Die Bedienung über das anfänglich nicht immer 100% intuitive Menü funktioniert nach kurzer Lernphase wunderbar.

Die Verarbeitung ist für den Preis absolut ok. Obwohl ein Kunststoffgehäuse, fühlt sich alles sehr wertig und solide an. Der Kunststoff ist mit einer leicht aufgerauten Gummischicht überzogen. Damit liegt der H5 sicher in der Hand. Lediglich eine Verriegelung bei den XLR Anschlüssen hätte ich mir gewünscht (wie beim H4 Pro und vielen anderen Rekordern).
Angenehm sind die Drehregler zur Pegelsteuerung, etwas, dass ich beim H4 vermisse. Auch diese funktionieren gut, haben kaum Spiel. Überhaupt fühlen sich die Kunststofftasten wertig an und haben einen eindeutigen Druckpunkt und "Klick" (bis auf die Rekordtaste, die geräuschlos funktioniert). Das übersichtliche Display ist im Sonnenlicht und dank Beleuchtung bei Nacht gut zu lesen.

Negativ an der Verarbeitung:
Nach 2.5 Jahren funktionierte ein Kanal bei mir nicht mehr. Da war die Garantie und das super Service von Thomann quasi Lebensretter. Zurückgeschickt und schneller als erwartet kam das reparierte Gerät zurück - wohlgemerkt, repariert (!) und nicht einfach getauscht - das hat mich besonders gefreut und ist nachhaltig von Thomann. Das Gerät war wieder wie neu.
Ich habe den H5 jetzt seit über 4 Jahren im Einsatz und leider muss ich feststellen, dass die Gummioberfläche klebrig wird. Ich kenne das von anderen billigen Geräte, die schlecht altern. Zum Glück habe ich eine passende Tasche von Zoom, ansonsten wäre das ein massives Ärgernis für mich und bei diesem Preis auch nicht ok. Der H4 hat aufgrund seiner Hartplastikoberfläche dieses Problem nicht.
Dafür (und für den Kanalfehler) gibts bei der Verarbeitung 2 Sterne Abzug.

Meine Sternebewertung bezieht sich auf das Gerät in dieser Preisklasse.

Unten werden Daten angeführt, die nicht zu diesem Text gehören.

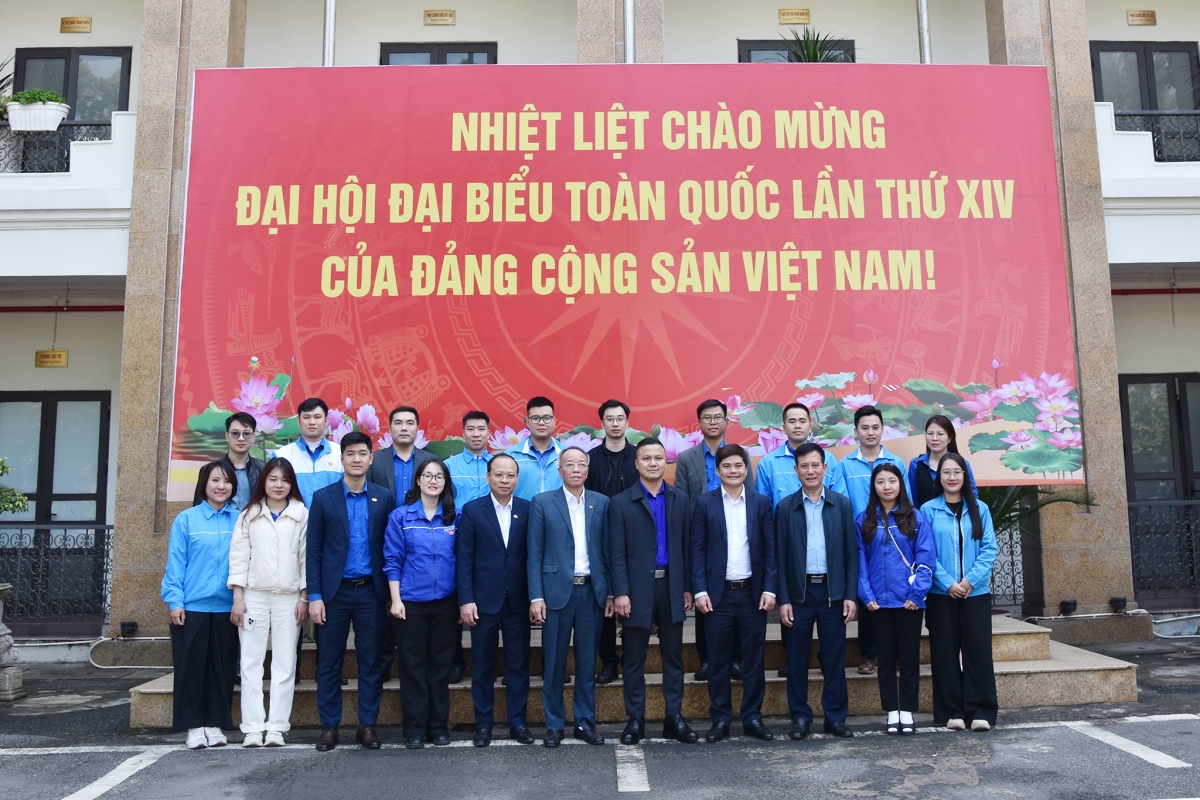 Mang xuân ấm đến với thanh niên công nhân ngành Than Mang xuân ấm đến với thanh niên công nhân ngành Than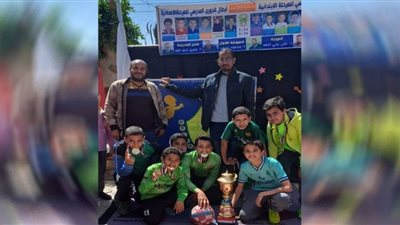 تكريم الفريق الفائز بدوري كرة القدم بالمدرسة الرسمية للغات بنجع حمادي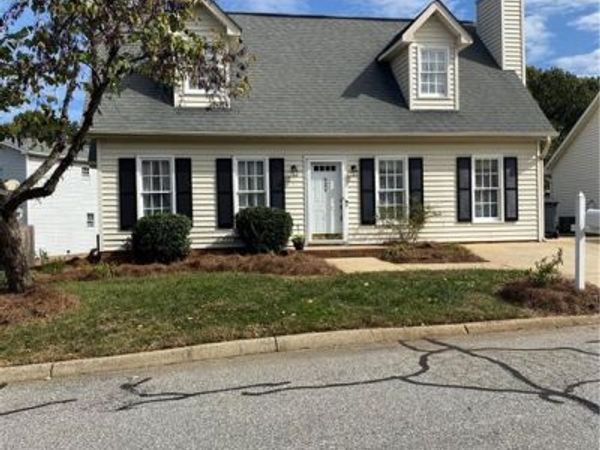 327 Brookside Court, Kernersville, NC 27284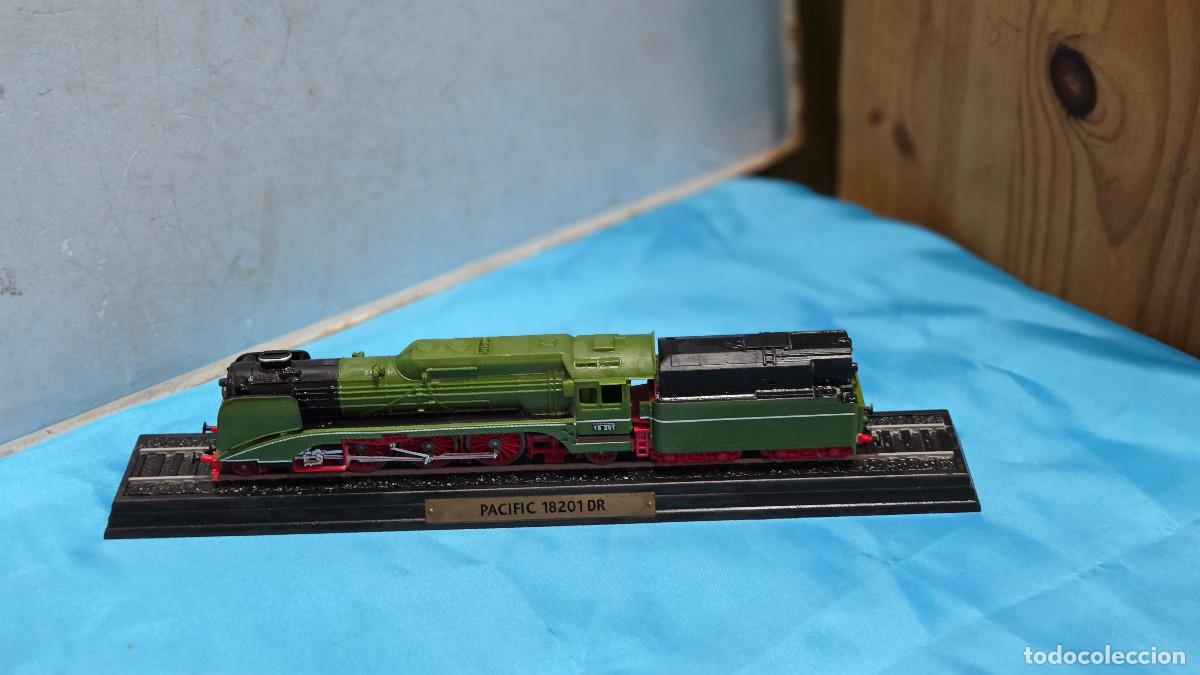 Vintage: maqueta de locomotora de coleccion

Dass ein Sound Device Mix Pre 3 II besser klingt und mehr kann ist anzunehmen. In dieser Preisklasse ist der H5 für mich eine Kaufempfehlung.

Würde ich den H5 noch einmal kaufen? Nein. Ich würde etwas sparen und mir einen Sound Devices Mix Pre 3 II kaufen. alleine schon wegen der unglaublichen Qualität und Erfahrung von Sound Devices, den analogen Limitern und 32 Bit Float, besseren Mikrofonverstärkern, etc. aber der kostet auch 3,5x so viel.... das ist also eine andere Geschichte.